King must go head to head with a vacillating Lyndon Johnson (Tom Wilkinson). Although Johnson’s opposition might possibly be exaggerated by DuVernay and screenwriter Paul Webb, they nonetheless give a sharp picture of the political need for King’s Southern Christian Leadership Conference to strategize as much as to call for action. In fact, in one of the film’s most stirring scenes, it is King’s decision for inaction in support of a safer outcome that resonates. In a second march to the bridge, this time with clergy and activists from all over the country, King halts the march, sensing that the police are poised for another brutal attack that caused the first march to be called “Bloody Sunday.” With 2,500 marchers behind him, he kneels down in prayer to get direction and then returns the marchers around to return to the church. Later, when met with fierce criticism, King says, “I’d rather have people hate me than have them get unnecessarily hurt.” David Oyelowo is great at conveying King’s ability to refrain from impulsive decisions. As King goes, so goes his strong supporting group.
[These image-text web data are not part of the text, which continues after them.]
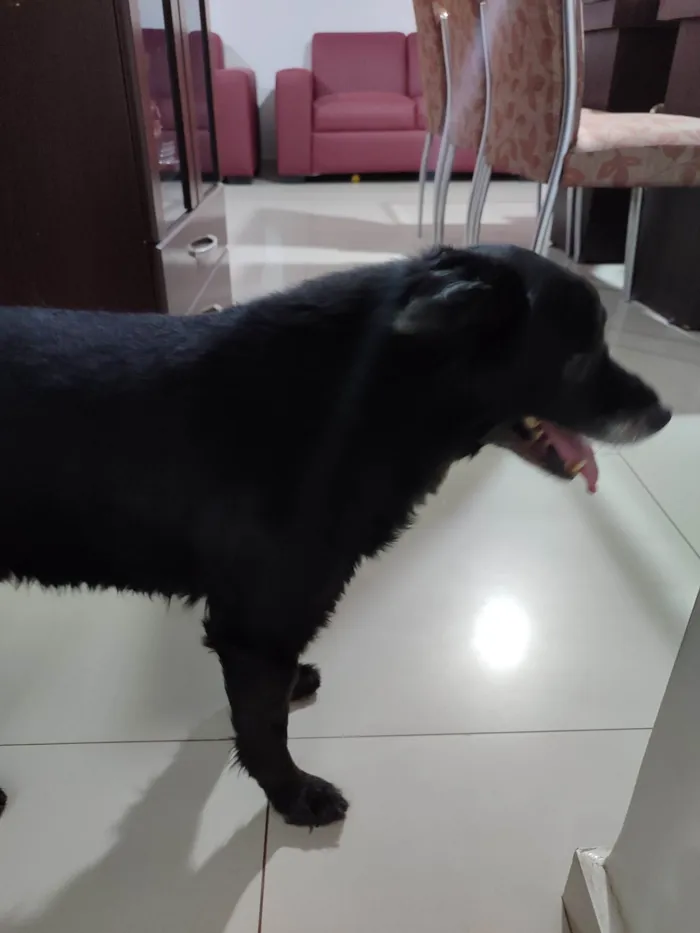 Cachorro ra a SRD-ViraLata idade 6 ou mais anos nome Madox 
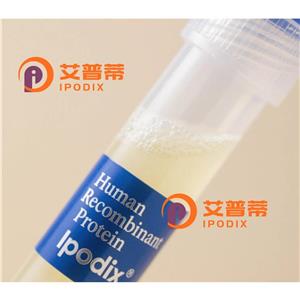 DRD4抗体,Rabbit Polyclonal DRD4 Antibody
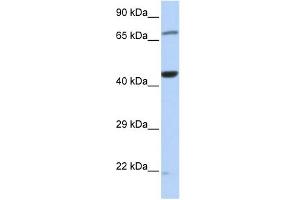 WB Suggested Anti-TUFM Antibody Titration: 0.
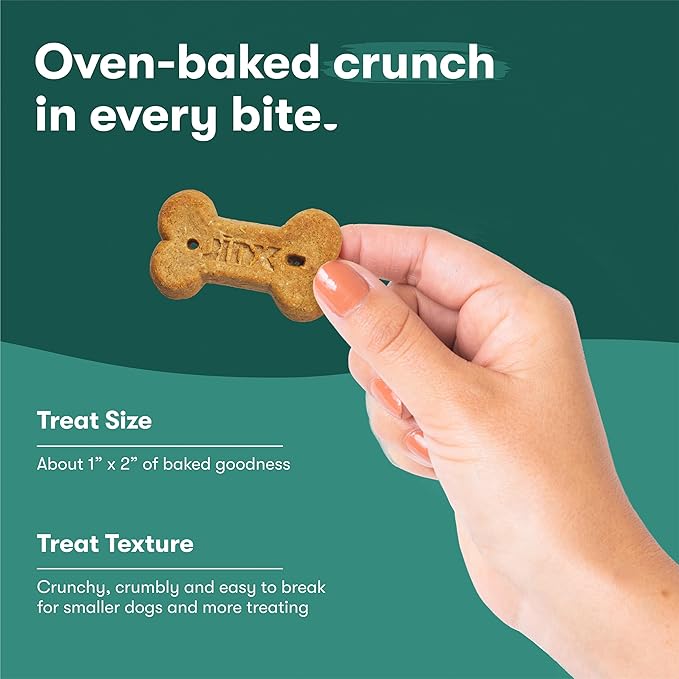 Jinx Oven-Baked Beef Bone Broth Biscuit Dog Treats - Crunchy, All Natural, Superfood-Rich with High-Protein Salmon, Dog Biscuits for Puppies, Adults & Seniors - 3LB (Pack of 4)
Selma also does a very fine job with its set pieces. The group’s first march across the Edmund Pettus Bridge on March 7, 1965 and the brutal response against the 600 unarmed black marchers from state troopers and Selma police, was a game changer in terms of spurring the American public’s outrage. DuVernay depicts a scene fraught with the terror of an attacking police on horseback with clubs and whips and tear gas. Yet DuVernay wisely pulls back, eventually cloaking the brutality with a white cloud of tear gas. She practices a similar restraint in a scene that devastatingly depicts the slaying a year earlier of four little girls at Birmingham’s 16th Street Baptist Church. The previously unheralded DuVernay picked up the reins to this film at the behest of Oyelowo, who starred in her 2012 feature Middle of Nowhere. Had the film been left up to Lee Daniels, her predecessor as the announced director, we likely would have been given a product much closer to his The Butler, which paraded before us a series of cartoonish presidents. While DuVernay (who did a rewrite of Webb’s screenplay) flirts with one-dimensionality in her depiction of Lyndon Johnson and racist Alabama governor George Wallace, two veritable acting pros save the day. Wilkinson is paired with Tim Roth as Wallace, and their performances outweigh any rumblings of melodrama. Also strong in the stellar cast is Carmen Ejogo as King’s wife Coretta, Andre Holland as Andrew Young, Colman Domingo as Ralph Abernathy, Common as James Bevel, and Stefan James as John Lewis, who at age 74 is currently in his 28th year as a Congressman from Georgia.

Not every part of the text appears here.